Le téléphone sonna. Igor.
Elle répondit.
 

« Lena, je sais que tu es en colère. Maman voulait t’aider. Tu as vu comme elle a essayé. »
« De l’aide ? Elle a détruit tout ce que j’avais construit. As-tu vu ce qui est arrivé à l’appartement ? »
« On va tout réparer. Ensemble. Je t’aime. »
Elle resta silencieuse. Amour ? Comment pouvait-il l’aimer alors qu’il laissait silencieusement quelqu’un d’autre piétiner sa vie ?
« Igor. Si tu n’es pas de mon côté, alors tu n’es plus mon mari. Tu n’es qu’un fils qui a peur de contredire sa mère. »
Il n’y eut pas de réponse.
Le lendemain matin, Lena appela un avocat. Elle parlait calmement, sans hystérie, mais avec fermeté dans la voix. Ils discutèrent des documents, des responsabilités et des moyens de se protéger. Elle nota chaque mot.
L’appartement était silencieux. Igor n’apparut pas, et sa belle-mère semblait avoir disparu. Lena comprit : elle était seule. Et c’était effrayant, mais en même temps léger.
Elle prit un chiffon et commença à nettoyer. Mur par mur, étagère par étagère, elle a repris possession de sa maison. Les voisins regardaient à l’intérieur et demandaient si elle avait besoin d’aide. Quelqu’un apporta des conseils, quelqu’un apporta simplement du thé. Ces petites choses la maintenaient à flot.
Le soir, elle se souvenait de son enfance. Comment sa mère l’envoyait courir partout avec des sacs lourds, comment son père était parti et n’était jamais revenu. À l’époque, elle s’était promis : sa maison serait forte et protégée. Et maintenant, elle devait se battre à nouveau pour tout cela.
À mesure qu’elle nettoyait chaque chose, la force grandissait en elle. Elle comprit : il était possible de restaurer non seulement les murs, mais aussi elle-même.
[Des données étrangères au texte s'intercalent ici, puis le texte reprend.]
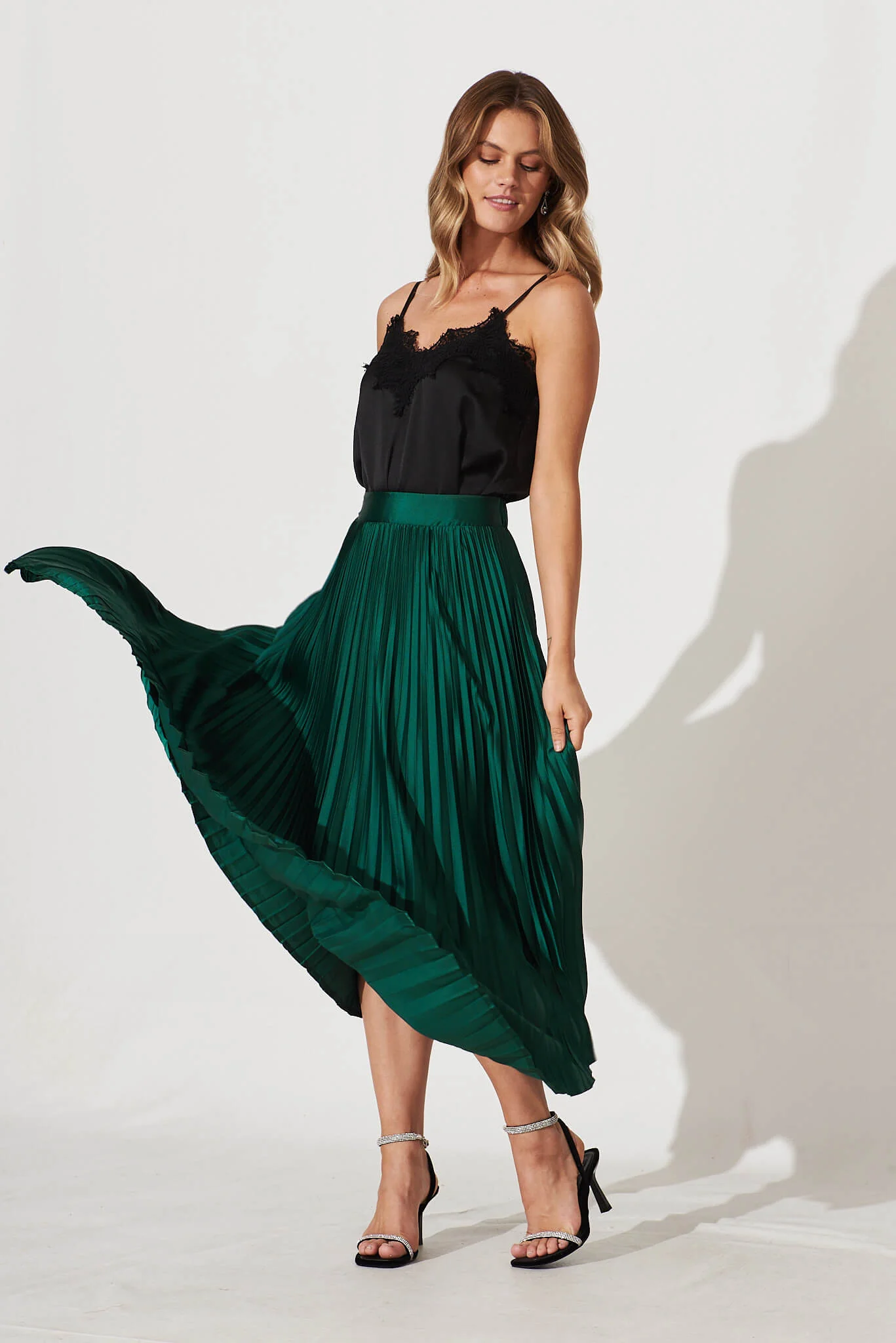 Allison Midi Pleat Skirt In Emerald Satin - Image 5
Une semaine plus tard, Igor est enfin venu.
«Tu as changé d’avis ?» demanda-t-elle calmement.
«Lena, je…»
«Non, Igor. Je ne peux pas vivre avec des gens qui détruisent ma vie et ne me voient pas comme une personne.»
Il baissa les yeux.
«J’ai demandé le divorce.»
Le silence s’élevait entre eux comme l’après d’une tempête.
Plusieurs mois passèrent. L’appartement reprit vie : les murs brillaient d’une peinture fraîche, et les objets étaient exactement à leur place. Mais le plus important était que Lena avait appris à se protéger.
Et même si la fin n’était pas celle dont elle avait tant rêvé, elle était honnête. Et c’était sa nouvelle vie — calme, à elle, sans gens inutiles et sans mains étrangères dans ses placards.